Humanists Denied Wedding in Naval Academy Chapel

Former Army Captain and current atheist Jason Torpy is keeping busy.  While currently claiming to act as the endorsing agent for a proposed humanist chaplain, he’s also trying to act as an officiant for a humanist wedding at the US Naval Academy.  The only problem for the “Reverend” Torpy: Annapolis reserves its Christian chapel for Christian ceremonies.

Jennifer Erickson, an academy spokeswoman, said in an email that the Naval Academy Chapel is a religious venue that has been used for Protestant and Catholic services since its dedication in 1908.

“The chapel contains permanent Christian architectural features that make it inappropriate for non-Christian or non-religious wedding ceremonies,” Erickson wrote in response to questions about the request. “For requests involving non-Christian and non-religious wedding ceremonies, the Naval Academy offers alternative venues, such as the non-denominational chapel and the Naval Academy Club.”

Because the Christian chapel has unmatched “grandeur” — including the crypt of famed seaman John Paul Jones — the humanists complain that nothing else will do.  The non-theists apparently admire theistic architecture.

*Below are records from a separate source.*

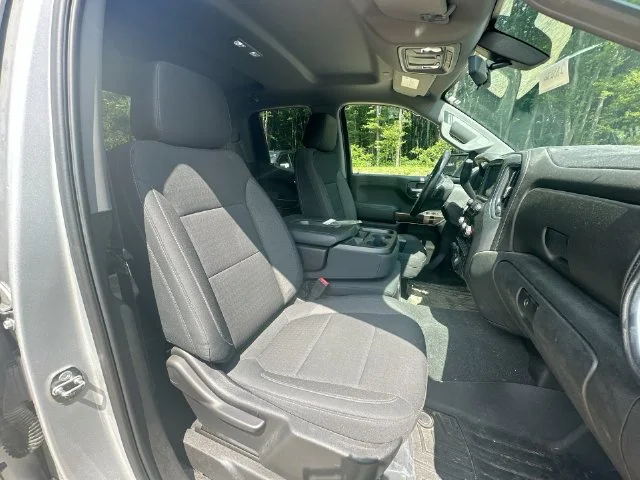Used 2020 Silver Chevrolet RST image 37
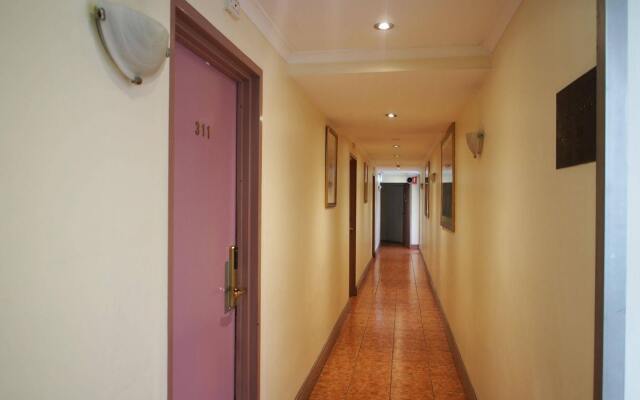 Edgecliff Lodge Motel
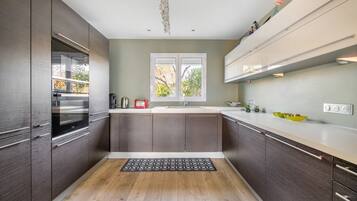 Een vaatwasser, een blender, kookgerei, borden en bestek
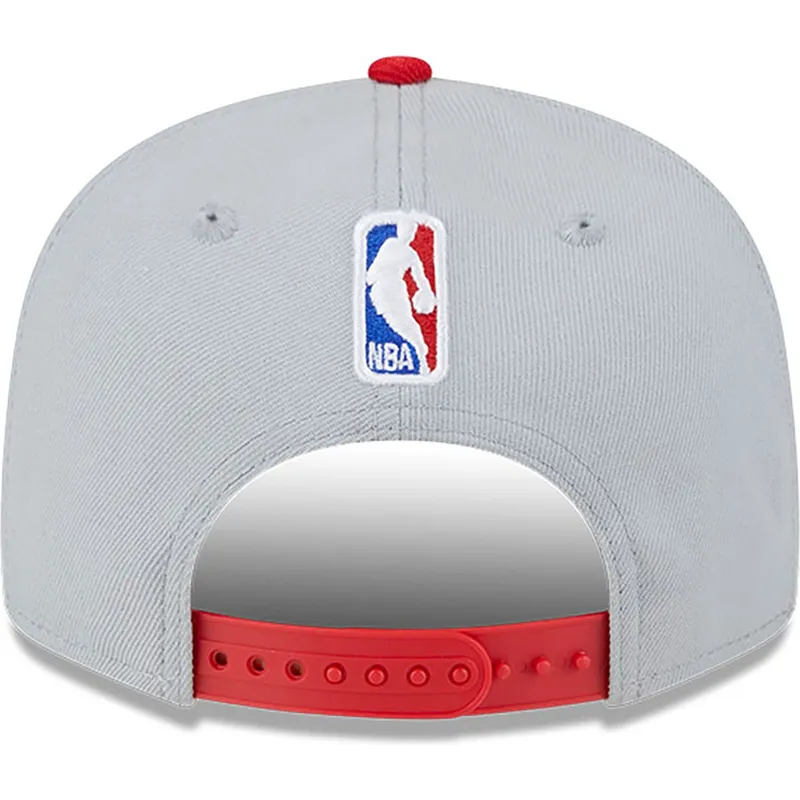 graue-und-rote-flatcap-snapback-9fifty-tip-off-2023-von-chicago-bulls-nba-von-new-era
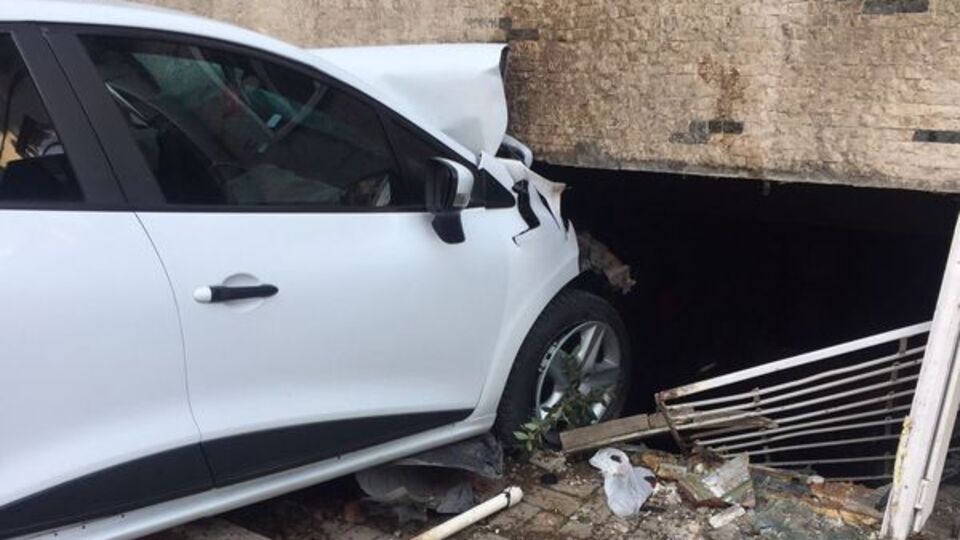 Yayaya çarptı ardından eve daldı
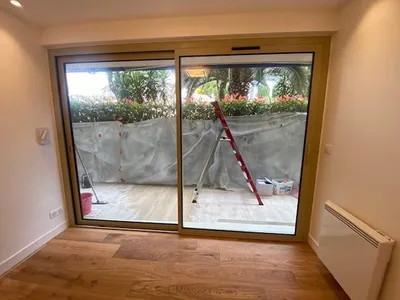 Fourniture et installation de baie coulissante en aluminium laqué ou anodisé champagne NICE (06)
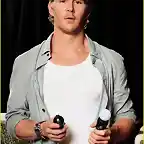 ryan-kwanten-playstation-move-04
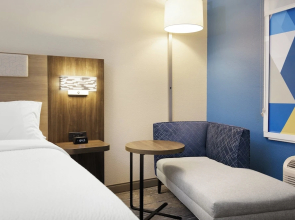 Holiday Inn Express & Suites Steamboat Springs by IHG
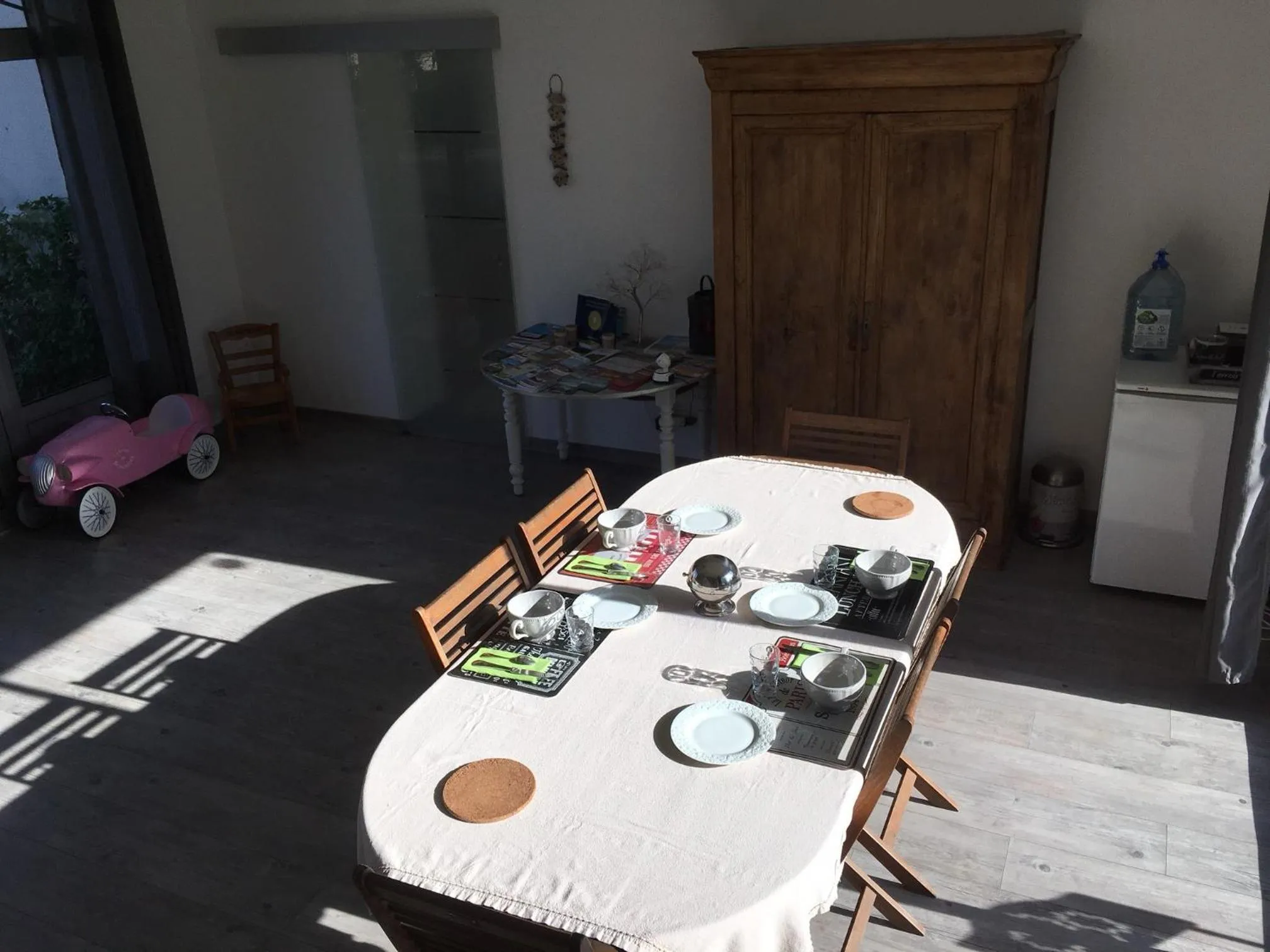 Dining area in Les Chambres de Pascaline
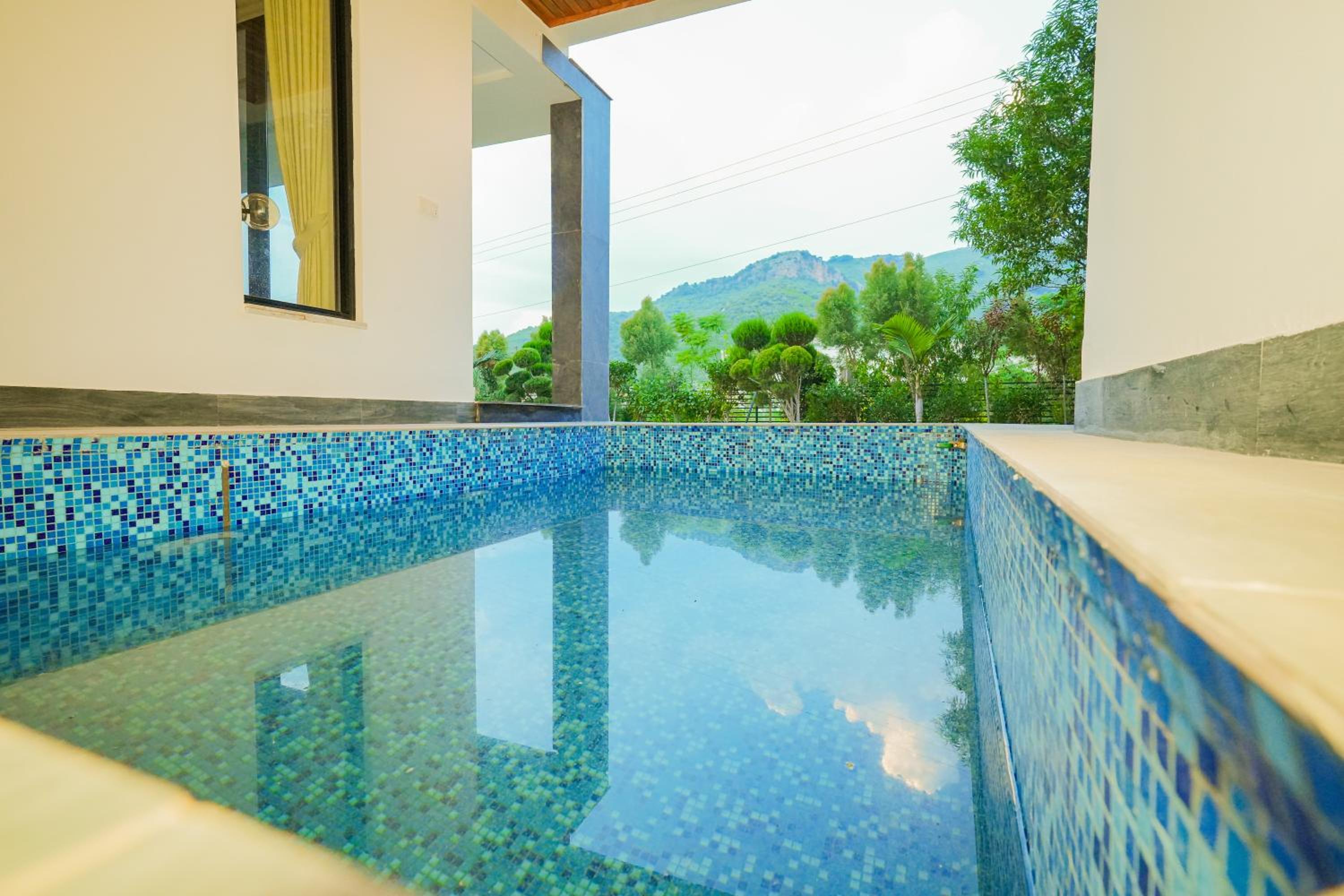 Margalla Retreat House With Pool, Garden & Mountain View, photo 13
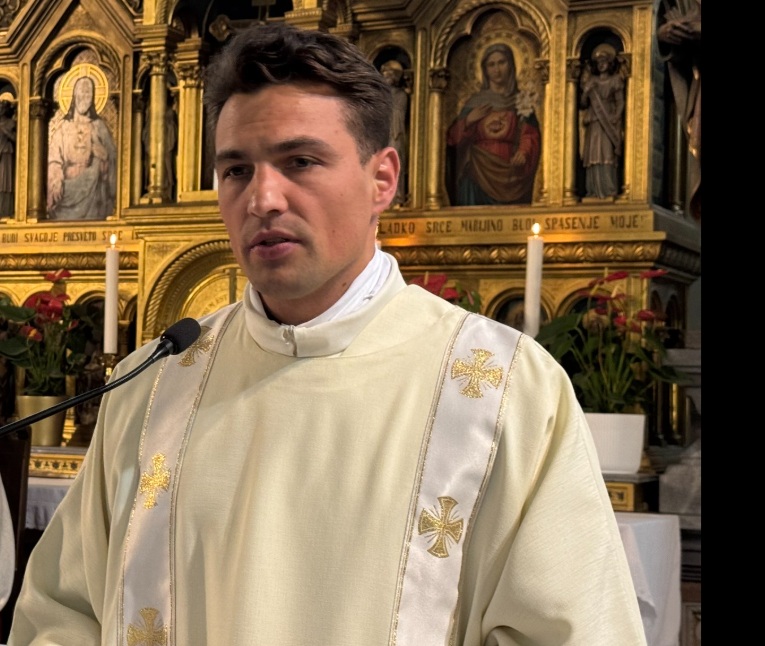 Novi đakon zaludio žene, sada će stalno ići na misu i crkva će biti puna – evo kako izgleda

To be clear, there are several chapels at Annapolis, including a Jewish one with an equally famous namesake in Uriah Philips Levy. The issue isn’t that Annapolis won’t allow the wedding; just that it won’t let the humanists conduct it in the facility of their choosing.

The policy is actually not uncommon, though it is not often brought up.  That’s because only a few military bases remain that have faith-specific chapels.  These chapels were built decades — in this case, more than a century — ago, before “faith neutral” became the enfored norm for these faith-based settings.  When a post has a faith-specific chapel, it is not uncommon for the base to reserve it for adherents to that faith.

The “controversy” is ultimately mundane.  There are certainly arguments to be made for the respect for the facility and those whose faith is (permanently, unchangeably) represented there.  There are also arguments to be made about some non-religious ideologies believing they have a “right” to be equal to religion —  while simultaneously claiming they cannot be restricted like a religion.  Thus, they want the good “trappings” of religion without, as the FRC says, all the “Christian stuff.”  These claims sometimes come across as a spoiled child demanding a present on his sibling’s birthday.

The American Humanist Association is said to be considering a lawsuit.  (Oddly, their announcement initially omitted Jason Torpy’s one-man Military Association of Atheists and Freethinkers, until he complained.)

(The regional Colorado Springs Independent queried the US Air Force Academy to see if their policies were similar.  In short, USAFA restricts use of the chapel to ceremonies that are “religious in nature.”  Since humanism isn’t a religion…)

In the end, though, it neither “picks my pocket nor breaks my leg” should a non-Christian perform a wedding in the chapel.  The US Naval Academy is free to reserve specific spaces for specific functions, or it is free to open all locations to any person.

In fact, maybe Annapolis should be encouraged to open the facility to use by non-Christian wedding ceremonies.  Perhaps the “grandeur” of the building during the ceremony, captured in their wedding photos for posterity, will one day help them see the grandeur of the King.  One can hope.